Majuli, a source of pride for any Assamese. A scenic, lush green pollution-free island in the mighty Brahmaputra river. Majuli is also the hub of Sattriya culture, which has triumphantly carried Assam’s rich heritage and tradition for centuries. Sadly, Majuli is also one of the worst erosion-affected sites in Assam. Almost every year Brahmaputra river overflows during the annual floods and washes away some part of this beautiful land. Hence, I am hesitant to call it the world’s largest river island. We fear that Majuli may not even exist in few decades.

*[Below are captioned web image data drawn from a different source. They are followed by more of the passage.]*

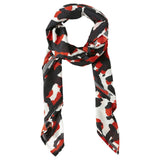 Ikea Annanstans Cotton Scarf, Red Black White Pattern, 140 X 140 Cm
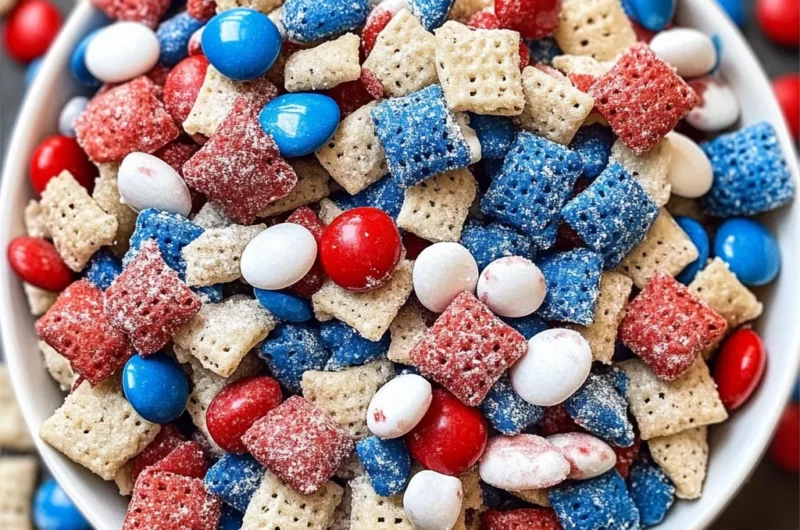 Red, White, and Blue Muddy Buddies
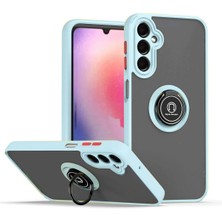 Techno Guru Samsung Galaxy A05S Kılıf Arkası Buz Tasarımlı ve Yüzüklü Kenarları Renkli Şık Montreal Yüzüklü Silikon Kapak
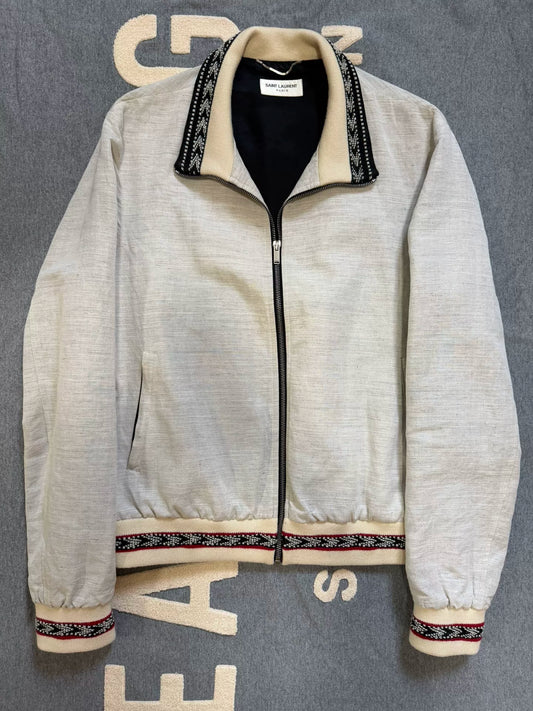 Saint Laurent 17ss Bohemian Linen Jacket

History of Majuli: After some research on this subject, I can conclude that the creation of Majuli has no scientific proof. However, I happily comply with the extensive research carried out by our great scholars. According to the historical records, the island appeared centuries ago due to the change of course of the Brahmaputra River and its tributaries Dikhow and Dihing. Nevertheless, I see it as a precious gift from nature to us.

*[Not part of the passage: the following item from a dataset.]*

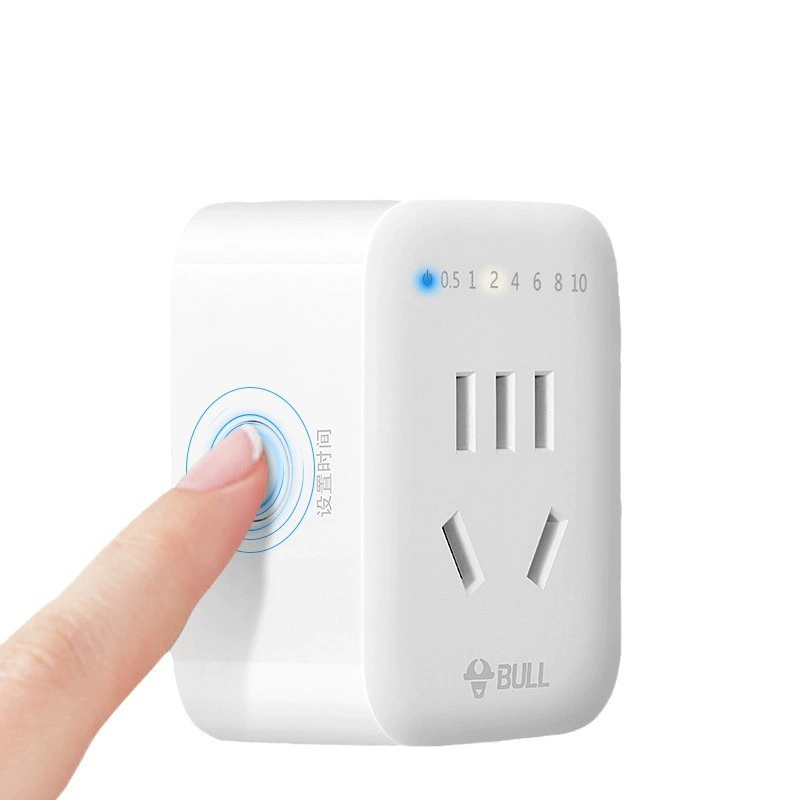 Bull GND-5 timed switch socket time-controlled plug seat intelligent controller switch automatic switch plug socket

How to reach Majuli: The closest airport to/from Maujli is Jorhat Airport or Rowriah airport, about 50 kilometers away. From Jorhat Airport, you can take a bus or hire a taxi to reach Neemati Ghat. From here you can book a ferry ride to Majuli town, which will take another hour. Even though Majuli is popular with travelers from all over the world, it is not yet commercialized. Roadway communication is still in need of improvement. You will see that there are very few direct buses from major cities to Majuli. It took me seven hours of a bumpy ride in public transport to reach Majuli from Duliajan (my hometown). I would not recommend this route to anyone unless you have your vehicle. The simplest way would be to arrive at Jorhat from wherever you are traveling and take on your onward journey from there to Majuli.
Things to do in Majuli: Majuli has a wide range of attractions to meet the taste of various travelers/tourists.

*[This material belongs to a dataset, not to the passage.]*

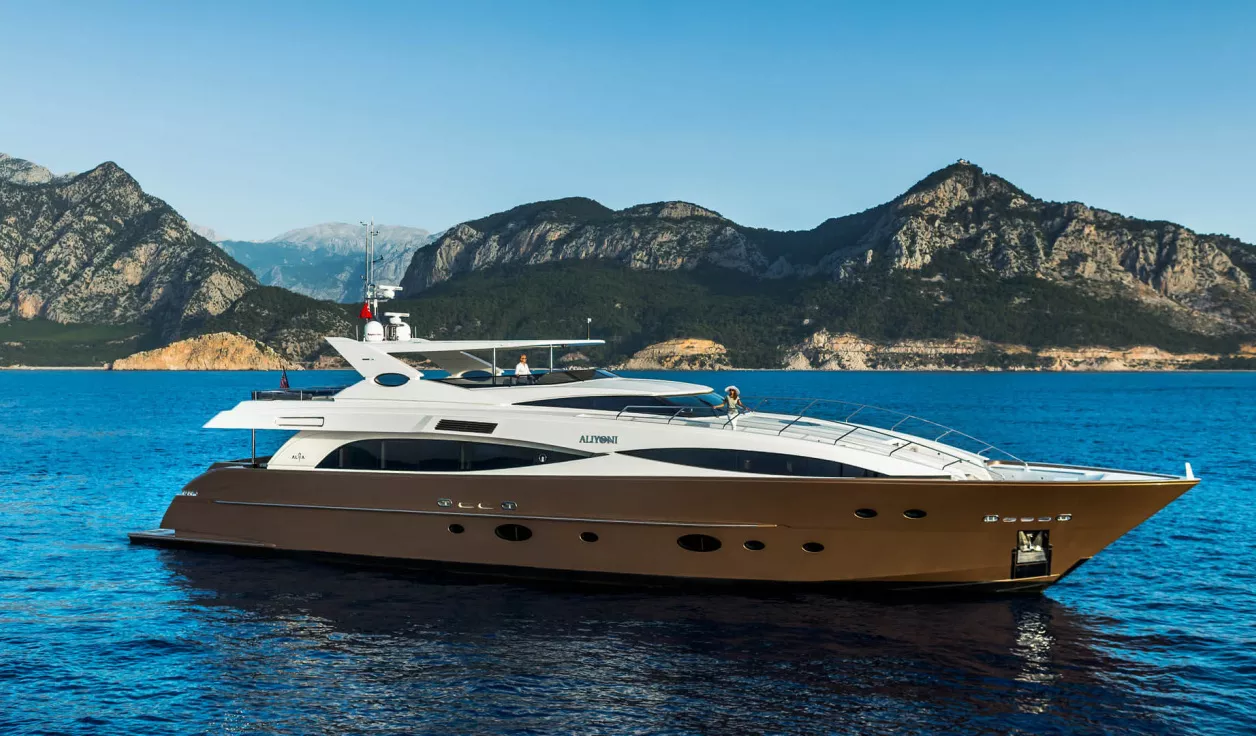 Моторная яхта Alia Yachts W 118 - фото 1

1.Visit the Vaishnava Satra’s (Vishnu monasteries): Exploring the Satra could be a soul-enriching experience. Of all the Satras, Kamalabri Satra, Auniati Satra, Dakhinpat Satra, and Samaguri Satra must be visited. You will get an insight into the Vaishnavite culture that is prevalent in Assam.
2. Stroll through the countryside/Mishing tribe village: Do not miss the countryside charm. You can hire a bicycle or a two-wheeler to stroll through the beautiful villages around. You can go on a walking tour as well.
3.Visit Samuguri Satra/the mask-making village.
4. Visit a weaving centre
Best time to visit: Best time to visit Majuli is during the cold weather from November to March. Winter is also the season for mustard fields to be in full bloom that magnifies the beauty of Majuli. Summers can be hot and sultry. Monsoon season is best to avoid for obvious reasons.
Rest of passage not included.